Then we replace $$\overline{X}$$ by $$p$$. Both are random variables. And we replace $$\mu$$ by $$\hat p$$ and $$\sigma$$ by $$\sqrt{n\cdot \hat p\cdot (1-\hat p)}$$

$$P\left(-1.96\le \frac{p-\hat p}{\sqrt{\frac{ \hat p\cdot (1-\hat p)}{ n}}} \le 1.96\right) = 0.95$$

$$P\left(\hat p-1.96\cdot \sqrt{\frac{ \hat p\cdot (1-\hat p)}{ n}}\le p \le \hat p+1.96\cdot \sqrt{\frac{ \hat p\cdot (1-\hat p)}{ n}}\right) = 0.95$$

As written above you can replace the estimator for $$p$$ by the mean of observations $$\overline x$$, although it is not a usual notation.

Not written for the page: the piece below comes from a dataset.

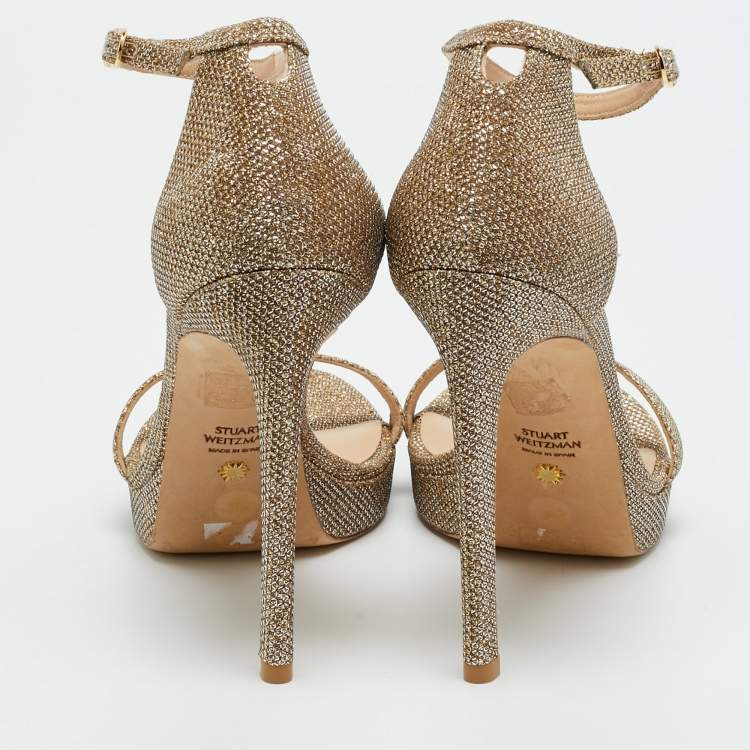مملوكة مسبقًا Stuart Weitzman Nudist Size 39.5 Gold Metallic Lurex Fabric Ankle Strap Sandals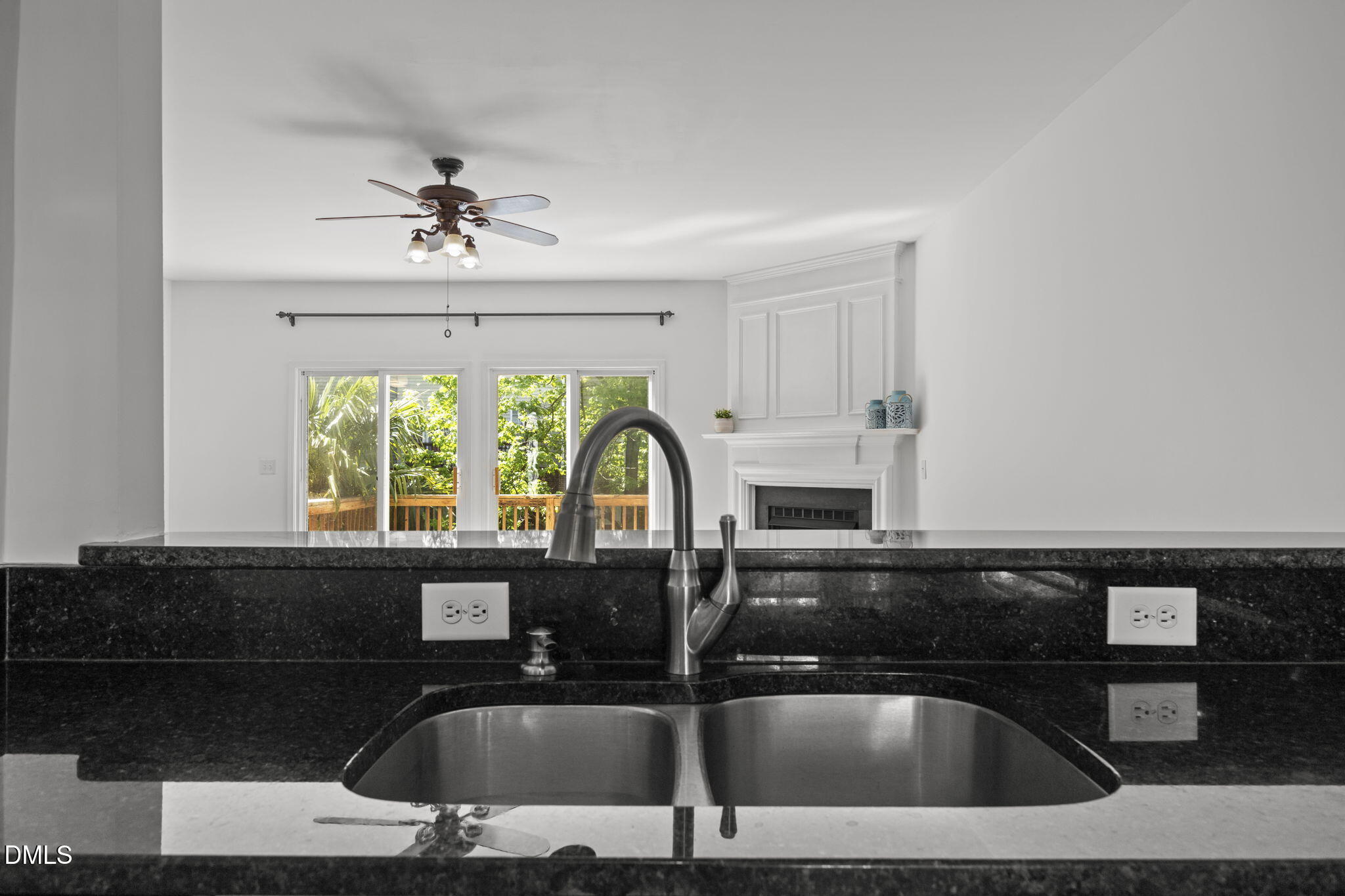 5537 Red Robin Road Property Photo 12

$$P\left(\overline x-1.96\cdot \sqrt{\frac{ \overline x\cdot (1-\overline x)}{ n}}\le p \le \overline x+1.96\cdot \sqrt{\frac{ \overline x\cdot (1-\overline x)}{ n}}\right) = 0.95$$

• Shouldn't $\sigma = \sqrt{\hat{p}(1-\hat{p})}$? Could be wrong but i guess thats Binomial S.D. Commented Apr 21, 2022 at 21:08
• @Dravidian The binomial standard deviation is $\sigma=\sqrt{n\cdot p\cdot (1-p)}$, see here Commented Apr 21, 2022 at 21:15
• Exactly, arent the random variables Bernoulli Distributed in OP? whose $\sigma=\sqrt{\frac{pq}{n}}$. My earlier comment had a missing denom n, btw rest of the ans is a-ok. I was only referring to your statement mentioning $\sigma$ in And we replace.... If i am wrong, kindly ignore. Commented Apr 21, 2022 at 21:22
• @Dravidian With $\sigma$ I meant the standard deviation of the binomial distribution. And then the standard deviation of $\overline X$ is $\frac{\sigma}{n}=\frac{\sqrt{n\cdot p\cdot q}}{n}=\sqrt{\frac{p\cdot q}{n}}$ So it is not really about bernoulli distributed random variables. Commented Apr 21, 2022 at 21:41
• @maenju Sure, it is an approximated confidence interval. It depends on how large n is. The larger n is, the better is the approximation. And you have not a 100% confidence interval. There is a 95% chance that p is in that interval, based on the sample. Commented Apr 23, 2022 at 0:00

In fact, the use of the estimator $$\hat p = \bar x$$ for the standard error is not mandatory, but a consequence of the normal approximation to the binomial distribution, as explained in the Wikipedia article for the binomial proportion confidence interval. More importantly, the fact that this approximation is only asymptotically valid speaks to the issues with the nominal coverage probability that your question alludes to. The actual coverage probability can perform quite poorly.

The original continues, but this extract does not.